Work item:
Repeat exactly the lines below from the line that contains "Alpine House |" to the last line, inclusive, without the pictures.

Data below:
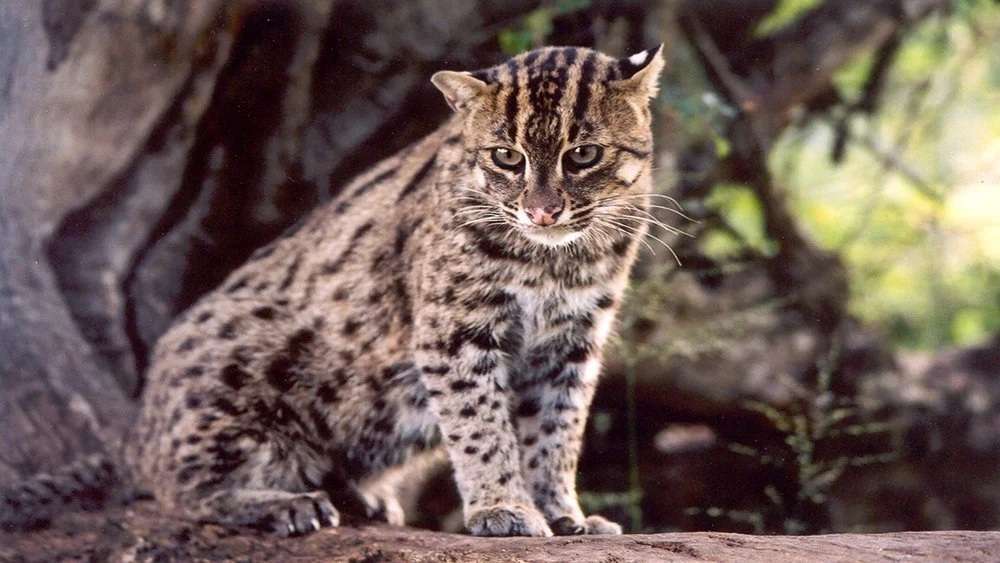 கெனில்வத்தையில் மீன்பிடிப்பூனை சடலமாக கண்டெடுப்பு!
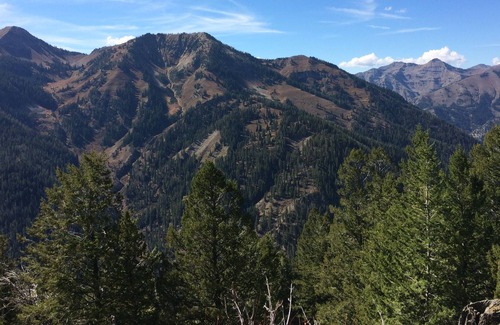 Alpine House | Alpine, Wy Mountain Get Away. Adventurers Paradise.
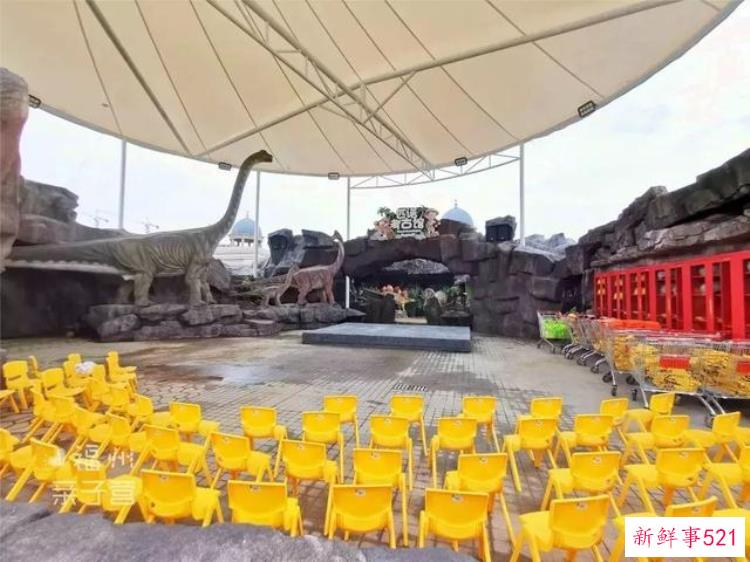 现实版侏罗纪公园来了闽侯南通新开3000考古馆陪娃过暑假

Solution to this exercise:
 Alpine House | Alpine, Wy Mountain Get Away. Adventurers Paradise.
 现实版侏罗纪公园来了闽侯南通新开3000考古馆陪娃过暑假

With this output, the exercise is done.